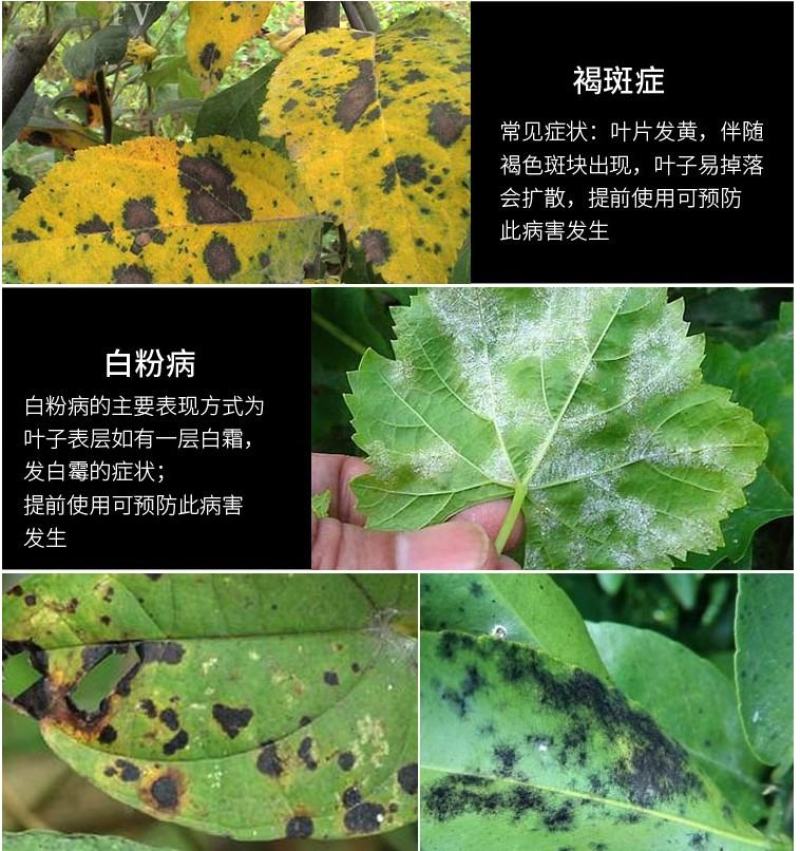 哈茨木霉菌枯草芽孢杆菌防死稞促生根抗重茬微生物菌剂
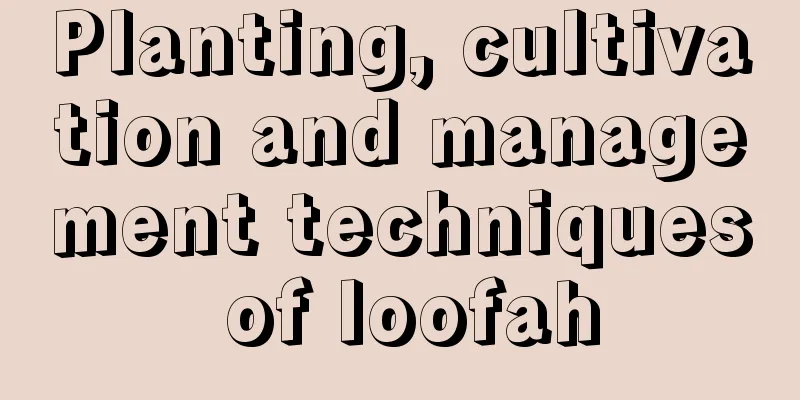 Planting, cultivation and management techniques of loofah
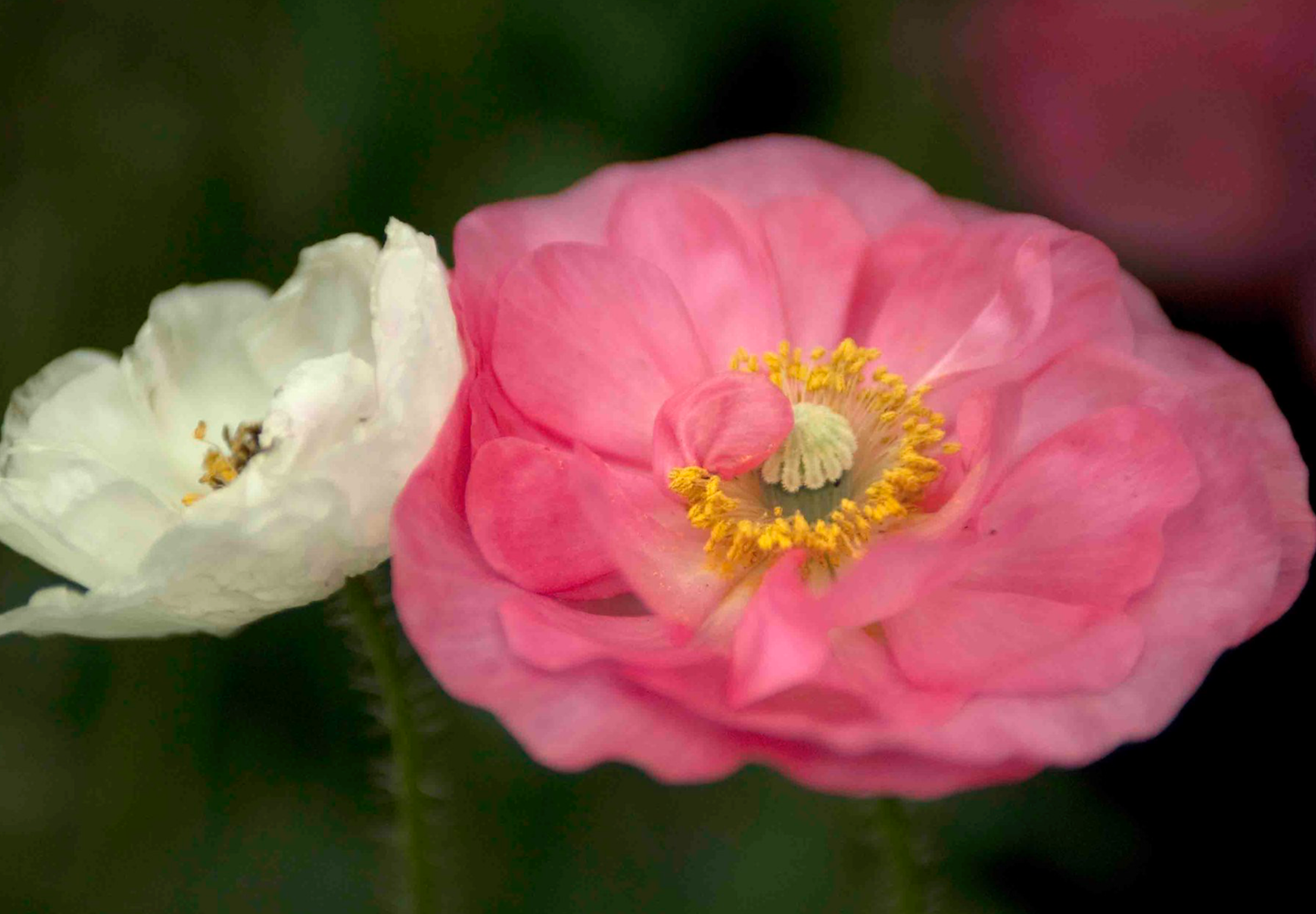 Shirley Double valmue - Papaver rhoeas 'Shirley Double'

**PROBLEM STATEMENT**
Would you reproduce the lines from the one with "Planting, cultivation and" through the final line of the data above, exactly and only those, without any pictures?

**OUTPUT OF THE EXERCISE**
 Planting, cultivation and management techniques of loofah
 Shirley Double valmue - Papaver rhoeas 'Shirley Double'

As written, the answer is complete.